Something happened to me when I began to answer. It has never happened before and it hasn’t happened since. But as I described my friend and the love he had shown for our town, I found that tears were welling up in my eyes. I was surprised and a little embarrassed at the time, but the interviewers were kind and understanding. I knew in my heart that Chip would get the job; he was too gifted not too and I could tell by the questions that the interviewers were smart people. They would surely see what I saw in Chip, that he was a man with extraordinary leadership qualities. I would miss Chip, Delray would miss Chip, but we wanted him to get the job.

He did and he knocked it out of the park.

Reflecting on his Chip’s influence in Delray last week, I kept coming back to the words love and passion. The best leaders are full of love and passion for people. They have compassion as well.

And as I ache for my divided country and also my divided city, I realize that Chip’s example still teaches me; leadership cannot happen without love, passion and compassion. Fomenting hate and division is not leadership, it is the opposite.

I thank Bishop Stokes for his example. We haven’t seen each other in a long time, but we’ve remained in touch and his impact still resonates around these parts.

We wish Susan, Chip and his New York Mets nothing but health and happiness.



  1. Marianne Regan says

    Some waves you want to lean into and ride because their beautiful and you want to be transported. (Just a wee typo here: should have been they’re – as in – “they are” beautiful.)

    • Jeff Perlman says

      Thanks for the catch…did you like the message?

      • Marianne Regan says

        I did like the message Jeff and I also noted with intereset that you have been recently studying playwriting.
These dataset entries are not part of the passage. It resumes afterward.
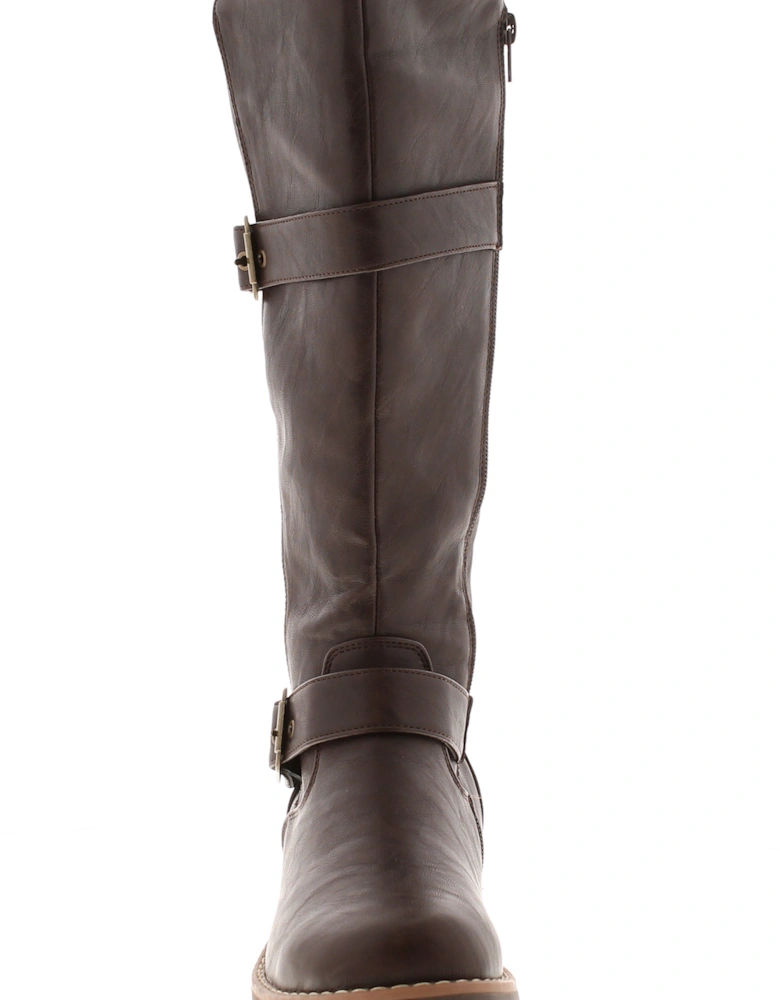 Womens Long Boots Weft Zip brown UK Size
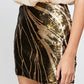 Sequin Skirt with Sleeveless Blouson Dress – Glamorous Party Look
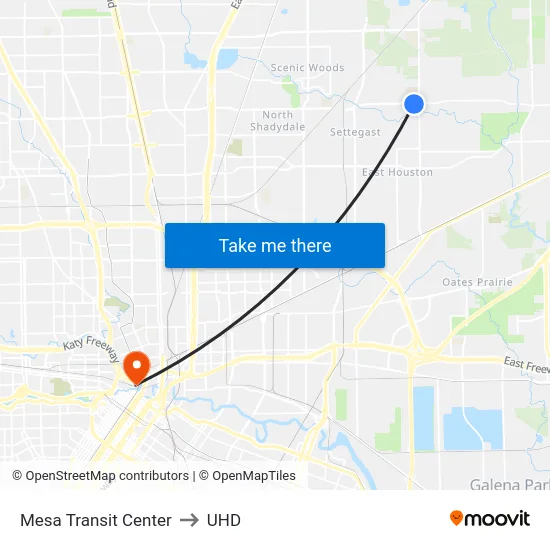 Mesa Transit Center to UHD map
I am the director of the Delray Beach Playhouse Playwrights’ Project. Each year, we solicit new, 10-minute, one-act plays from local playwrights to produce during our Festival in October. I hope you will seriously consider us in the future. Everyone has a story to tell, and your weekly columns enlighten us and always contain, and deliver, a message that we can use in every day life. Keep up the good work!

        • Jeff Perlman says

          Thanks so much, Marianne.
          I would be very interested in your Playwrights Project. Count me in!

  2. Frances Bourque says

    Wow! Again you humble me and I find myself, once again , challenged by your words …
    Today, my dearest friend of over70 years, whose 20 plus grandson is rushed back to Jax Mayo after multiple transplants and 5 years of suffering because ,as a young college Freshman , he Vapped.
    Little was known and he has carried the fight and , in that processed, when he had the strength, spoken to students, the Governor , been on TV and used his voice as a Soldier so
    Many May hear his message.
    You and I speak almost daily to hold each other up and today I am forwarding your message to my friend as her family must fight yet another day..
    We spoke this weekend as we wondered again how to lead and inspire without impatience, criticism and place inspiration in places where our voices may be heard.
    Your message is again my Monday morning challenge… I too had the gift of knowing Father Chip…. The early day when our neighborhood was full of Chips, Spencer’s , Joes, Kerry’s, Tom’s, Bobs and so many more. We are all so
    Much more than we might have been because they were part of our quilt of fairness and loving spirit for everyone.
    Thanks for the memory …May it not just rest in our past, but find its way back to our future.
    Please pray for my friend as I will yours.

  3. Chip Stokes says

    Jeff, I began by reading your powerful reflection on waves and then saw your reflection on me and our relationship. I am overwhelmed by your graciousness. Believe me, the feelings are mutual. Delray Beach was blessed to have you in the Mayor’s seat. I have been deeply blessed by your friendship, as well as Diane’s over the years. Susan and I look forward to catching up with you both in our retirement. Blessings and peace.